In Austin, Hillary Clinton honored for public service

Jonathan Tilove
jtilove@statesman.com
Hillary Clinton listens to a question from a student at an event awarding her the augural In the Arena Award from the LBJ School of Public Affairs on Tuesday. [NICK WAGNER/AMERICAN-STATESMAN]

Hillary Rodham Clinton, who has played as consequential a role in American politics as anyone in her lifetime, received the inaugural In the Arena Award from the LBJ School of Public Affairs on Tuesday.

The award's name is drawn from a speech President Teddy Roosevelt delivered at the Sorbonne in Paris in 1910, the year after he left the presidency, in which he said: "The credit belongs to the man who is actually in the arena…; who spends himself in a worthy cause; who at the best knows in the end the triumph of high achievement, and who at the worst, if he fails, at least fails while daring greatly, so that his place shall never be with those cold and timid souls, who neither know victory nor defeat."

In presenting the award, Angela Evans, dean of the LBJ School, said that Roosevelt "perfectly describes" Clinton's grit and courage in a lifetime of public involvement as an attorney, advocate for children, first lady of Arkansas and of the United States, New York senator, secretary of state, and two-time candidate for the Democratic nomination for president. In 2016, Clinton failed while "daring greatly" as the first woman to be the nominee of a major party for president, winning the popular vote but losing the electoral vote and the White House to Donald Trump.

"If you want to be blameless, stay on the sidelines," said Evans, who said that for decades and to this day, Clinton perseveres over enormous "vitriol."

Clinton took the stage at the Lady Bird Johnson Auditorium to receive the award to whoops, hollers and applause from the audience, which was studded with longtime supporters who rose to cheer her.

Seated opposite one another on stage in matching red chairs, Evans interviewed Clinton, who recalled that she entered the metaphorical arena in the 1960s.

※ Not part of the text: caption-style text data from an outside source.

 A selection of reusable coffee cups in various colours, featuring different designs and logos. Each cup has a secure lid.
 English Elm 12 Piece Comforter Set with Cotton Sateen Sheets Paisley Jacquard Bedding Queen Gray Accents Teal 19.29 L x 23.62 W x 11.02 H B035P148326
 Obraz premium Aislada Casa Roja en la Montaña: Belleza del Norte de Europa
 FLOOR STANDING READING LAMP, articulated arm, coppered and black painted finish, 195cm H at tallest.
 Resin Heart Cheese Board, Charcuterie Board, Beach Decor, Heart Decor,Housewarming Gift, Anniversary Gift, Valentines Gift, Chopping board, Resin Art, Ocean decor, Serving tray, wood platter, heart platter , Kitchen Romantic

"It really was an amazing time in American history," Clinton said, noting the presence of Lyndon and Lady Bird Johnson's daughters Luci and Lynda at the event. "It seemed we were all pulling in the same direction to that common ground, that higher ground."

That decade was marred by political assassinations and the Vietnam War, she said, "but people were alive, and they were committed and involved in all the issues of the day."

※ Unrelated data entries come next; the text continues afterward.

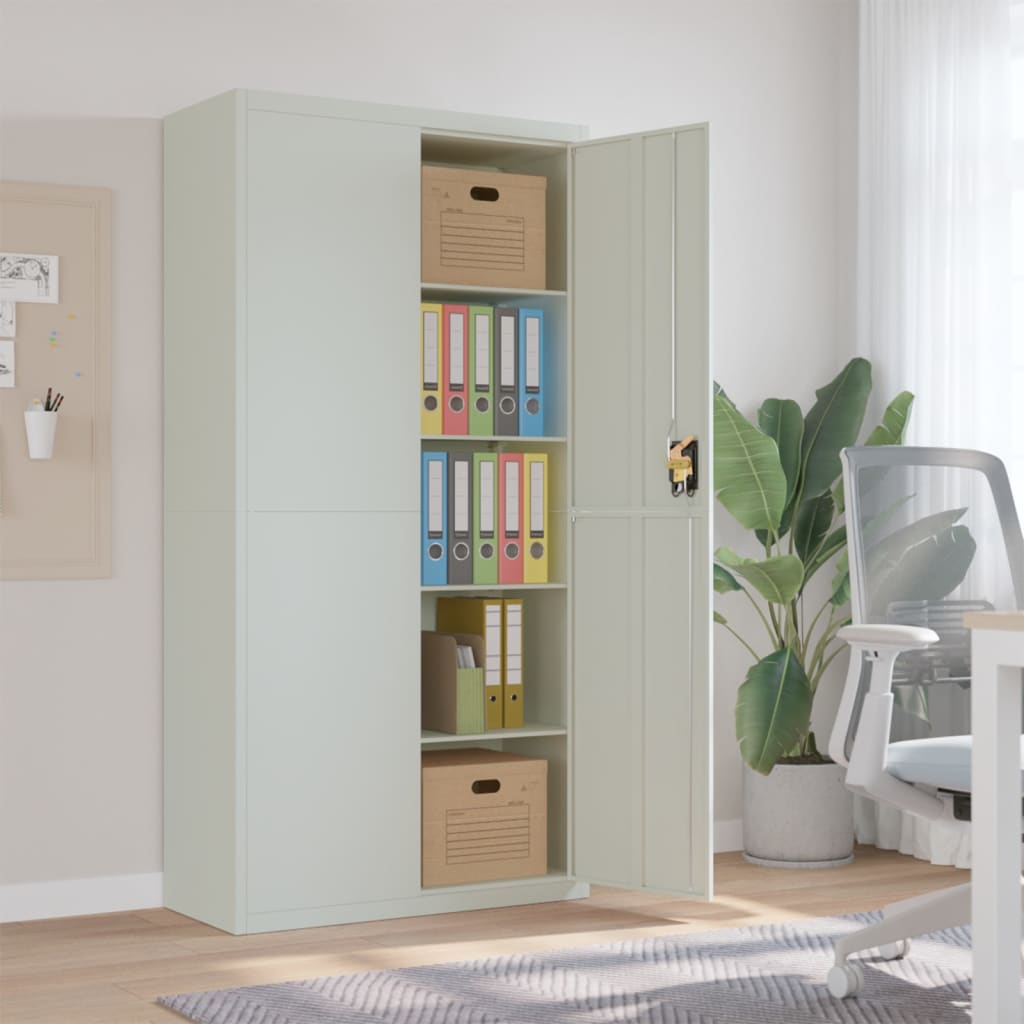 vidaXL Aktenschrank Hellgrau 90x40x180 cm Stahl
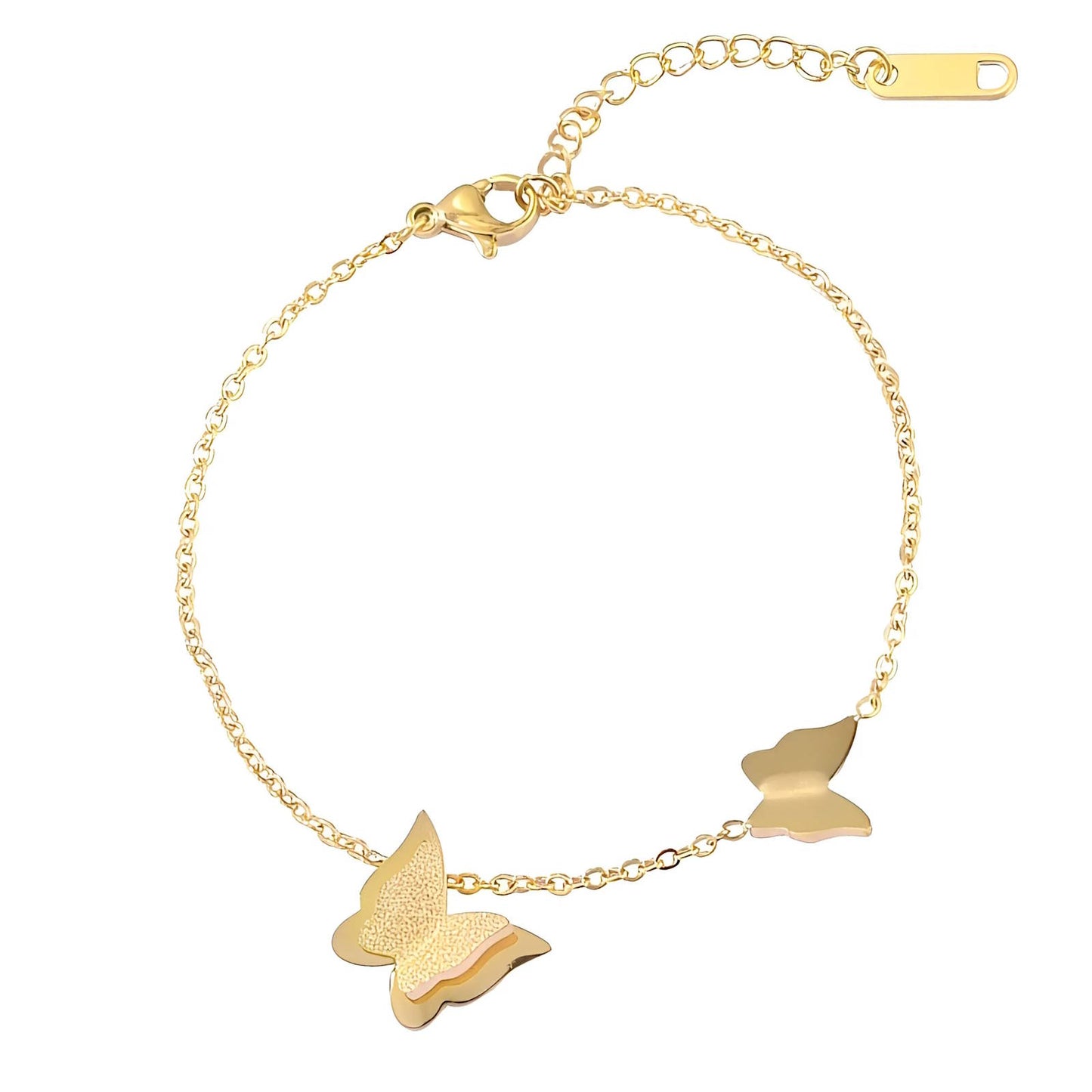 18K gold plated Stainless steel Butterflies bracelet, Intensity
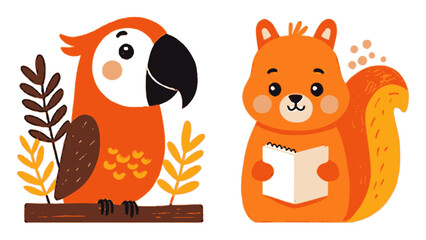 Cute Cartoon Parrot and Squirrel with Bright Colors and Playful Expressions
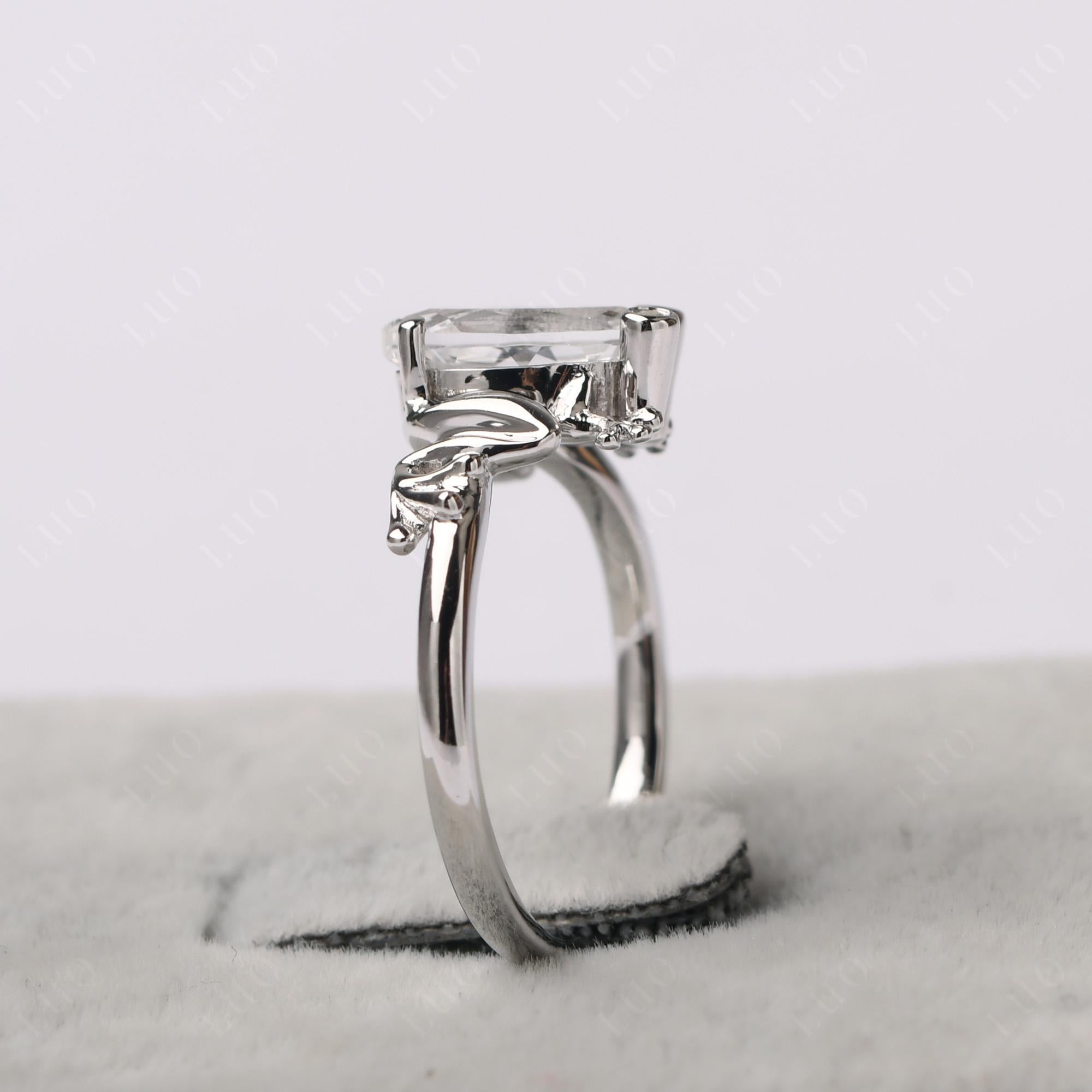Marquise Cut White Topaz Frog Ring - LUO Jewelry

"It was a different feeling," Clinton said. "There wasn't the devaluing of government and politics and the cynicism that is used to turn people away from common effort.

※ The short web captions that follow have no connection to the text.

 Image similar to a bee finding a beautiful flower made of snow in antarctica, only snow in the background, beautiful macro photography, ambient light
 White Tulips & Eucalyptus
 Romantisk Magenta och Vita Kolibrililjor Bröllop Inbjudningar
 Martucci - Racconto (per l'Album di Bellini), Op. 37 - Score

"We have to rebuild that," she said. "I think that is beginning to happen again."

"Isn't it great to have Hillary Clinton back in Austin," said Roy Spence, co-founder and chairman of the Austin advertising firm GSD&M, a trustee of LBJ Foundation Board. Spence, a close friend and political adviser to the Clintons, offered welcoming remarks at the event.

Spence recalled working with the Clintons on the George McGovern presidential campaign in 1972 in Texas, which, he cracked, "went extremely well."

"We were in the arena together at 23 years old," said Spence, who did a spot-on imitation of Bill Clinton.

"It's good, isn't it," he said.

Clinton said it hurts her heart that Texas has the highest uninsured rate in the nation and a maternal mortality rate that rivals developing countries.

Clinton said that in entering the arena, "If you're not there for a cause larger than yourself ... it is hard to keep going."

Of Stacey Abrams, an LBJ School alumna and the Democratic candidate for governor of Georgia, Clinton said, "If she had a fair election, she already would have won." The race remains unsettled.

Clinton also decried the decline of news and the American attention span in the age of clicks, and the rise of intentionally misleading information and "deliberate falsehoods that started on the first day of (the Trump) administration."

I've been to many inaugurations," she said. "The crowd wasn't that big."

Correction: The spelling of Luci in reference to Luci Baines Johnson, was corrected to drop an "e" at the end.